They are angle attach, but not sure these will work w/ the 8w6. I'll contact speakerworks and see what they say...

I'll post results incase anyone is looking for an answer in the future and finds this thread via a search (like I did).


----------



## bigdwiz (Oct 7, 2010)

I contacted Springfield Speaker and they were very prompt in returning my emails. I picked up (3) surrounds for the JL 8W6 and should have them in a few days. I'll post back once I verify they are the correct ones so people searching for this in the future will know...Heck, I may even do a timelapse video of me changing out the surrounds!

Also, I asked about using butyl rubber surrounds instead of foam and it was HIGHLY suggested to use foam as the originals used foam and changing to rubber would have negative effects to the sound of the speakers. Just an FYI...


----------



## ikoolguy (Oct 23, 2009)

update please!


----------



## bigdwiz (Oct 7, 2010)

Sorry, I got the surrounds in, but haven't had a chance to get them replaced yet. From what I can tell, they are the correct surrounds. I have the 8w6's and surrounds in a box in my car and will take them to a local speaker repair center today or tomorrow to have them replaced. I was gonna do it myself, but decided to save my first surround replacement for a 12" Rockford Z sub I have and not chance it on the JL's. 

I will update ASAP, as the owner of Springfield Speaker Repair also wants to know if these are the correct surrounds so he can sell them as a kit. I'm 99% sure they are correct, but give me a few days and I'll let you know for sure...


----------



## chithead (Mar 19, 2008)

Subscribed. Just got a hold of a pair that could use new surrounds as well.


----------



## bigdwiz (Oct 7, 2010)

The surrounds from Springfieldspeakerrepair.com worked great! They look factory to me. Will put them in the optimized box I got w/ the speakers and test them out soon...

I updated my YT channel showing off the subs. 

_Note: the speaker tech (local) who installed the new surrounds was not quite as careful as I would've been (you'll see what I mean when you watch the vid)...but there again, I didn't have to waste 3 hours doing the 3 subs myself!_

OldSchoolStereo Update

(I linked to the part about the JL subs above)


----------



## chithead (Mar 19, 2008)

Cool, I'll have to check it out when I get home tonight.


----------



## bigdwiz (Oct 7, 2010)

Here are some pics of the new surrounds:


----------



## chithead (Mar 19, 2008)

Do they come with the new cardboard gasket?


----------



## bigdwiz (Oct 7, 2010)

chithead said:


> Do they come with the new cardboard gasket?


Nope, just the surrounds, glue, brushes and instructions.

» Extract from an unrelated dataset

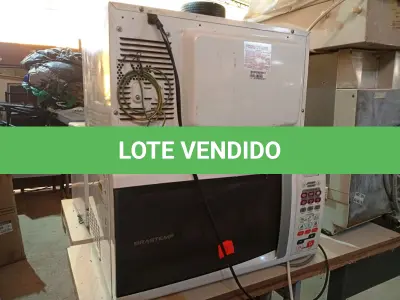 LOTE 371 - 03 MICRO-ONDAS MARCAS E MODELOS DIVERSOS APENAS 01 C/ PRATO. (NO ESTADO) ATENÇÃO! FAZER A VISITAÇÃO ANTES DE ARREMATAR, NÃO SABEMOS SE FUNCIONA. LEILÃO NÃO TEM GARANTIA E NEM DEVOLUÇÃO, SUJEITO A POSSÍVEIS AVARIAS VISÍVEIS/OCULTAS E/OU AUSÊNCIA DE COMPONENTES.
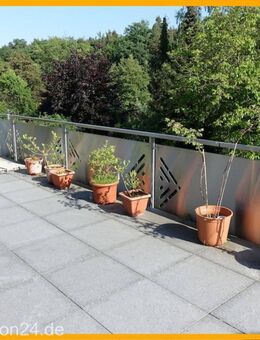 1 7 5 qm wie HAUS im HAUS auf 2 Etagen + große SONNEN- TERRASSE + Spielgarten + 2 KfZ Plätze - Eckental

The repair guy replaced one of the gaskets for me. I'm kind of particular and still not real happy w/ the glue showing on the new surrounds, but maybe I'll get over it once I hear the subs!

BTW, I'm guessing you picked up the pair of 8W6's on feebay? If so, you got a pretty good deal. I got mine locally for $60 for the trio (thank you, CL!)


----------



## chithead (Mar 19, 2008)

Actually a lady I work with said since I was into car audio, I should help her sell some items she got on trade for payment owed to her. She brought me a pair of 8W6's and a Memphis CA300-4 amplifier - I couldn't believe it! I made her an offer for everything... couldn't pass them up!


----------



## bigdwiz (Oct 7, 2010)

Don't cha just love those deals that fall right in your lap? I traded a kid a dual 10" speaker box (empty) I got for free for a JL Audio 15W3 D4 in a Q-Logic box a couple of months ago. The JL also needed a new surround, I had it repaired and have been testing it for the past few weeks. I think the box is undersized and the 15" is not as controlled as I like, but it sure does shake my little car! Can't wait to see how the trio of 8W6's compares!


----------



## chithead (Mar 19, 2008)

Ooooh... Yes definitely going to be an interesting comparison.


----------



## bigdwiz (Oct 7, 2010)

Got my trio of 8W6's in the optimized ported box...words can't describe the bliss...neither can pictures, but I'll show them anyway.

The trio is wired in the classic series / parallel config for a final load of 4 ohms

My initial testing has been using an Earthquake PA-2040c and it has been oh so nice


----------



## ikoolguy (Oct 23, 2009)

hey i'm planning to order from the website you ordered from. how much did 3 repair kit cost you? do i have to call them personally and request for it?


----------



## bigdwiz (Oct 7, 2010)

I purchased the 3 JL surrounds plus a 12" surround for an old Rockford Z sub for under $40 shipped. Just send them an email and they will give you a price and send a PP invoice if you agree.


----------